18. Hukuk Dairesi 2014/11289 E. , 2014/15189 K.
"İçtihat Metni"MAHKEMESİ : Yumurtalık Asliye Hukuk Mahkemesi
TARİHİ : 31/01/2014
NUMARASI : 2012/170-2014/28
Dava dilekçesinde, Kamulaştırma Yasasının 4650 Sayılı Yasayla değişik hükümleri uyarınca, kamulaştırma bedelinin tespiti ve taşınmaz malın idare adına tescili istenilmiştir.
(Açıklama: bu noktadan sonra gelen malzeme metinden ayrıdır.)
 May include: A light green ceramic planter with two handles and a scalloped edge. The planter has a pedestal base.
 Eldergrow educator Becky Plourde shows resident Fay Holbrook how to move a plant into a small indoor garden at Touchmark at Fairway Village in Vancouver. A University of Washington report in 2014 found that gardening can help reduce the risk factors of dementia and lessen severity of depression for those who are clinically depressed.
Mahkemece davanın kabulüne karar verilmiş, hüküm taraf vekillerince temyiz edilmiştir.
Y A R G I T A Y K A R A R I
Temyiz istemlerinin süresi içinde olduğu anlaşıldıktan sonra dosyadaki bütün kağıtlar okunup gereği düşünüldü:
Mahkemece bilirkişi incelemesi yaptırılmışsa da alınan rapor hüküm kurmaya elverişli değildir.
Şöyle ki;
1-Dosyada mevcut kıymat takdir raporunun ekindeki 05.01.2012 tarihli tespit formuna göre şeftali ve zeytin ağaçlarının 1 yaşında olarak gösterildiği, yine bilirkişi kurulunca düzenlenen 11.03.2013 tarihli ek raporda 2010 yılına ait uydu görüntüsüne göre taşınmaz üzerinde herhangi bir tesis görülmediği belirtilerek ağaçların 3 yaşında olma ihtimalinin bulunmadığının açıklanması karşısında kamulaştırılan taşınmaz üzerinde bulunan şeftali ve zeytin ağaçlarının değerlendirme tarihi itibariyle 1 yaşında olduğu kabul edilerek 1 yaşındaki şeftali ve zeytin ağaçlarının 2012 yılı rayiç değerlerine ilişkin verinin gıda, tarım ve hayvancılık ilçe müdürlüğünden getirtilip buna göre bedel hesabı yapılması gerekirken ağaçları 4 yaşında kabul ederek denetime elverişsiz şekilde soyut değer tespiti yapan bilirkişi raporu esas alınarak hüküm kurulması,
2-Dava konusu taşınmazın kullanım amacı, yüzölçümü ve geometrik şekli dikkate alındığında kamulaştırmadan arta kalan kısmında herhangi bir değer kaybı olmayacağı düşünülmeden, hükme esas alınan bilirkişi kurulu raporunda % 2 değer kaybı verilerek yüksek bedel belirlenmiş olması,
3-Kamulaştırma bedelinin tespiti ve taşınmazın idare adına tescili davasının bu niteliğine göre kendisini vekille temsil ettiren taraflar yararına karar tarihinde yürürlükte bulunan Avukatlık Asgari Ücret Tarifesi uyarınca maktu vekalet ücretine hükmedilmesi gerektiğinin düşünülmemesi,
Doğru görülmemiştir.
4-Anayasa Mahkemesi 1. Bölümünün 19.12.2013 tarih ve 2013/817 sayılı kararında, kamulaştırma bedelinin tespiti için açılan davada uzun süren bir yargılama sonunda, dava tarihi itibarıyla belirlenen bedele hükmedilmesinin Anayasanın 35. maddesinde güvence altına alınan mülkiyet hakkının ihlal edildiği kabul edilerek mal sahibine tazminat ödenmesi gerektiği belirtilmiştir.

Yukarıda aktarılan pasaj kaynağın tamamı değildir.